** SOURCE MATERIAL follows **

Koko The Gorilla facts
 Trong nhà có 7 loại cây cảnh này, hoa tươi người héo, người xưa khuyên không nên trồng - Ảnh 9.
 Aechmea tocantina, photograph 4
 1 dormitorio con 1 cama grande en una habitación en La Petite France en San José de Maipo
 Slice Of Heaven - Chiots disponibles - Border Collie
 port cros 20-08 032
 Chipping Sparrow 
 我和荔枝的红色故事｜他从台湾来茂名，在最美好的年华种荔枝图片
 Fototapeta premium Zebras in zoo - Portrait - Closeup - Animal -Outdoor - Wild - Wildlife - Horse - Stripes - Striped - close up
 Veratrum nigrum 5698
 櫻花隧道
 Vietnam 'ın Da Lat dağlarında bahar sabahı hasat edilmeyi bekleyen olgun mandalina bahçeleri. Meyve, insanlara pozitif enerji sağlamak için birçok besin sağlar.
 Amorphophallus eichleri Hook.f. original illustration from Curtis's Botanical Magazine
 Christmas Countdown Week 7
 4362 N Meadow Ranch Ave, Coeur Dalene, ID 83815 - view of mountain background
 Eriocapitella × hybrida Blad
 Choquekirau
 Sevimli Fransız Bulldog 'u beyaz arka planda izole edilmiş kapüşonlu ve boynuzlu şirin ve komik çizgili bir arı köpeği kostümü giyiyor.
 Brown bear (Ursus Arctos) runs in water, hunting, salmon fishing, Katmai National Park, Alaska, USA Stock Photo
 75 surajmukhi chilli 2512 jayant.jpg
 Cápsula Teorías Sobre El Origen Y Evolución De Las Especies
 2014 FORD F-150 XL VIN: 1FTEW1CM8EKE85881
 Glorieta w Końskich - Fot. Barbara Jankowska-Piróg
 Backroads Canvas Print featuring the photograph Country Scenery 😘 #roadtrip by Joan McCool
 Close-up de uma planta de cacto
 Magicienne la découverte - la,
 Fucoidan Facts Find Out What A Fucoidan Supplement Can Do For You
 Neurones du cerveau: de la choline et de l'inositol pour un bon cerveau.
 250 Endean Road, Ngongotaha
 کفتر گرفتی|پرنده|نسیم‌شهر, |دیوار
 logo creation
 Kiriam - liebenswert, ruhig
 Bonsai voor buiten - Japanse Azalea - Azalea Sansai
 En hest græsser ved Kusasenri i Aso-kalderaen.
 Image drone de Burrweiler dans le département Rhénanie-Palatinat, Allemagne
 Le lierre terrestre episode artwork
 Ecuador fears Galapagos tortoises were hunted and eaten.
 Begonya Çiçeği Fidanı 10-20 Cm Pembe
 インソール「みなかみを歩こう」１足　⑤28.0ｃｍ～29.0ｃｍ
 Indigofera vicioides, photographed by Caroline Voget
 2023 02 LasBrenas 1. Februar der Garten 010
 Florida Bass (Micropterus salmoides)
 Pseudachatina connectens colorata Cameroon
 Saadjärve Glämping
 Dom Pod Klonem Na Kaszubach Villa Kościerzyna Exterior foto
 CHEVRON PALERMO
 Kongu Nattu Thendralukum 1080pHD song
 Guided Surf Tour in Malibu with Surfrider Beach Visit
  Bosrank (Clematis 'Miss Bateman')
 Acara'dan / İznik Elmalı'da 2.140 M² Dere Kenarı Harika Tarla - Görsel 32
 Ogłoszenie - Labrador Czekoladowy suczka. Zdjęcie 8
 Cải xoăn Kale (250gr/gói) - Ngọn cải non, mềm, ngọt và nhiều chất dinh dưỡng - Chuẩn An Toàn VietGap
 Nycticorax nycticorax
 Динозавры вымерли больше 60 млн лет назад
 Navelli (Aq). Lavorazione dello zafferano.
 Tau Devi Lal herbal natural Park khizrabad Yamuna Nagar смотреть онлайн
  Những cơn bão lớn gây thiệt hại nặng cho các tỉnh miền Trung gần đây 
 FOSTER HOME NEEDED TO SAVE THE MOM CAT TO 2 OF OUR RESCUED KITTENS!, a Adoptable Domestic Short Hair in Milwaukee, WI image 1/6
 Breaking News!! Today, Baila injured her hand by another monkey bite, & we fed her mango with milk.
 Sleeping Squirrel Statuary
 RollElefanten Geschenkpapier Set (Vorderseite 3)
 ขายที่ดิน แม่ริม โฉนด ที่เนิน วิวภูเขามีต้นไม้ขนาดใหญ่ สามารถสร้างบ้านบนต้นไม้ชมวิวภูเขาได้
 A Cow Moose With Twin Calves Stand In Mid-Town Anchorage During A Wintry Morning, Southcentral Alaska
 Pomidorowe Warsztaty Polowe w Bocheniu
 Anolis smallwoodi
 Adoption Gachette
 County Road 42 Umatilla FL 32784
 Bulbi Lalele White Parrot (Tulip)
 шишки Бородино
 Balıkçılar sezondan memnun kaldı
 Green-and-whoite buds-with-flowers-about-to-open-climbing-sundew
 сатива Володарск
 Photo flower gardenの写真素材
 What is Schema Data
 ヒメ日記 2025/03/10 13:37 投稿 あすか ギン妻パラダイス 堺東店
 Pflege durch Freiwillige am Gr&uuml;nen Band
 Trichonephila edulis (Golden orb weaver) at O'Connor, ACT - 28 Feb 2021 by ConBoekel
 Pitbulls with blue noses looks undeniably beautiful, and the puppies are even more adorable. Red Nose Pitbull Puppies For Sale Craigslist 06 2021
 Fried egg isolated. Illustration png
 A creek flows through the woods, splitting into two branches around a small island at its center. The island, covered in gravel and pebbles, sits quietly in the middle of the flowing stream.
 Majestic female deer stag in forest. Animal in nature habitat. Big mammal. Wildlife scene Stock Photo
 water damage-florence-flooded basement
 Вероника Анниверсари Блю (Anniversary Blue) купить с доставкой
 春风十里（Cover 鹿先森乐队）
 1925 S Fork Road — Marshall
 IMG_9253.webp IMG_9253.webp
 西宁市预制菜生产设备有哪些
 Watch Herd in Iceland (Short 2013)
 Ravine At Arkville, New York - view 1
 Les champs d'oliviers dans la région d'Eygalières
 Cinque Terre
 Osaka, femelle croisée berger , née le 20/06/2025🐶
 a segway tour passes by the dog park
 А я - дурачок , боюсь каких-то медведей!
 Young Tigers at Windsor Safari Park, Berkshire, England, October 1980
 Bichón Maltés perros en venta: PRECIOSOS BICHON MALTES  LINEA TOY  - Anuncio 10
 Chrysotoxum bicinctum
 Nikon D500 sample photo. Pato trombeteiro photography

** End of SOURCE MATERIAL **

(BRIEF) Every entry in the data should be returned exactly.

(RESPONSE TO THIS EXERCISE)
Koko The Gorilla facts
 Trong nhà có 7 loại cây cảnh này, hoa tươi người héo, người xưa khuyên không nên trồng - Ảnh 9.
 Aechmea tocantina, photograph 4
 1 dormitorio con 1 cama grande en una habitación en La Petite France en San José de Maipo
 Slice Of Heaven - Chiots disponibles - Border Collie
 port cros 20-08 032
 Chipping Sparrow 
 我和荔枝的红色故事｜他从台湾来茂名，在最美好的年华种荔枝图片
 Fototapeta premium Zebras in zoo - Portrait - Closeup - Animal -Outdoor - Wild - Wildlife - Horse - Stripes - Striped - close up
 Veratrum nigrum 5698
 櫻花隧道
 Vietnam 'ın Da Lat dağlarında bahar sabahı hasat edilmeyi bekleyen olgun mandalina bahçeleri. Meyve, insanlara pozitif enerji sağlamak için birçok besin sağlar.
 Amorphophallus eichleri Hook.f. original illustration from Curtis's Botanical Magazine
 Christmas Countdown Week 7
 4362 N Meadow Ranch Ave, Coeur Dalene, ID 83815 - view of mountain background
 Eriocapitella × hybrida Blad
 Choquekirau
 Sevimli Fransız Bulldog 'u beyaz arka planda izole edilmiş kapüşonlu ve boynuzlu şirin ve komik çizgili bir arı köpeği kostümü giyiyor.
 Brown bear (Ursus Arctos) runs in water, hunting, salmon fishing, Katmai National Park, Alaska, USA Stock Photo
 75 surajmukhi chilli 2512 jayant.jpg
 Cápsula Teorías Sobre El Origen Y Evolución De Las Especies
 2014 FORD F-150 XL VIN: 1FTEW1CM8EKE85881
 Glorieta w Końskich - Fot. Barbara Jankowska-Piróg
 Backroads Canvas Print featuring the photograph Country Scenery 😘 #roadtrip by Joan McCool
 Close-up de uma planta de cacto
 Magicienne la découverte - la,
 Fucoidan Facts Find Out What A Fucoidan Supplement Can Do For You
 Neurones du cerveau: de la choline et de l'inositol pour un bon cerveau.
 250 Endean Road, Ngongotaha
 کفتر گرفتی|پرنده|نسیم‌شهر, |دیوار
 logo creation
 Kiriam - liebenswert, ruhig
 Bonsai voor buiten - Japanse Azalea - Azalea Sansai
 En hest græsser ved Kusasenri i Aso-kalderaen.
 Image drone de Burrweiler dans le département Rhénanie-Palatinat, Allemagne
 Le lierre terrestre episode artwork
 Ecuador fears Galapagos tortoises were hunted and eaten.
 Begonya Çiçeği Fidanı 10-20 Cm Pembe
 インソール「みなかみを歩こう」１足　⑤28.0ｃｍ～29.0ｃｍ
 Indigofera vicioides, photographed by Caroline Voget
 2023 02 LasBrenas 1. Februar der Garten 010
 Florida Bass (Micropterus salmoides)
 Pseudachatina connectens colorata Cameroon
 Saadjärve Glämping
 Dom Pod Klonem Na Kaszubach Villa Kościerzyna Exterior foto
 CHEVRON PALERMO
 Kongu Nattu Thendralukum 1080pHD song
 Guided Surf Tour in Malibu with Surfrider Beach Visit
  Bosrank (Clematis 'Miss Bateman')
 Acara'dan / İznik Elmalı'da 2.140 M² Dere Kenarı Harika Tarla - Görsel 32
 Ogłoszenie - Labrador Czekoladowy suczka. Zdjęcie 8
 Cải xoăn Kale (250gr/gói) - Ngọn cải non, mềm, ngọt và nhiều chất dinh dưỡng - Chuẩn An Toàn VietGap
 Nycticorax nycticorax
 Динозавры вымерли больше 60 млн лет назад
 Navelli (Aq). Lavorazione dello zafferano.
 Tau Devi Lal herbal natural Park khizrabad Yamuna Nagar смотреть онлайн
  Những cơn bão lớn gây thiệt hại nặng cho các tỉnh miền Trung gần đây 
 FOSTER HOME NEEDED TO SAVE THE MOM CAT TO 2 OF OUR RESCUED KITTENS!, a Adoptable Domestic Short Hair in Milwaukee, WI image 1/6
 Breaking News!! Today, Baila injured her hand by another monkey bite, & we fed her mango with milk.
 Sleeping Squirrel Statuary
 RollElefanten Geschenkpapier Set (Vorderseite 3)
 ขายที่ดิน แม่ริม โฉนด ที่เนิน วิวภูเขามีต้นไม้ขนาดใหญ่ สามารถสร้างบ้านบนต้นไม้ชมวิวภูเขาได้
 A Cow Moose With Twin Calves Stand In Mid-Town Anchorage During A Wintry Morning, Southcentral Alaska
 Pomidorowe Warsztaty Polowe w Bocheniu
 Anolis smallwoodi
 Adoption Gachette
 County Road 42 Umatilla FL 32784
 Bulbi Lalele White Parrot (Tulip)
 шишки Бородино
 Balıkçılar sezondan memnun kaldı
 Green-and-whoite buds-with-flowers-about-to-open-climbing-sundew
 сатива Володарск
 Photo flower gardenの写真素材
 What is Schema Data
 ヒメ日記 2025/03/10 13:37 投稿 あすか ギン妻パラダイス 堺東店
 Pflege durch Freiwillige am Gr&uuml;nen Band
 Trichonephila edulis (Golden orb weaver) at O'Connor, ACT - 28 Feb 2021 by ConBoekel
 Pitbulls with blue noses looks undeniably beautiful, and the puppies are even more adorable. Red Nose Pitbull Puppies For Sale Craigslist 06 2021
 Fried egg isolated. Illustration png
 A creek flows through the woods, splitting into two branches around a small island at its center. The island, covered in gravel and pebbles, sits quietly in the middle of the flowing stream.
 Majestic female deer stag in forest. Animal in nature habitat. Big mammal. Wildlife scene Stock Photo
 water damage-florence-flooded basement
 Вероника Анниверсари Блю (Anniversary Blue) купить с доставкой
 春风十里（Cover 鹿先森乐队）
 1925 S Fork Road — Marshall
 IMG_9253.webp IMG_9253.webp
 西宁市预制菜生产设备有哪些
 Watch Herd in Iceland (Short 2013)
 Ravine At Arkville, New York - view 1
 Les champs d'oliviers dans la région d'Eygalières
 Cinque Terre
 Osaka, femelle croisée berger , née le 20/06/2025🐶
 a segway tour passes by the dog park
 А я - дурачок , боюсь каких-то медведей!
 Young Tigers at Windsor Safari Park, Berkshire, England, October 1980
 Bichón Maltés perros en venta: PRECIOSOS BICHON MALTES  LINEA TOY  - Anuncio 10
 Chrysotoxum bicinctum
 Nikon D500 sample photo. Pato trombeteiro photography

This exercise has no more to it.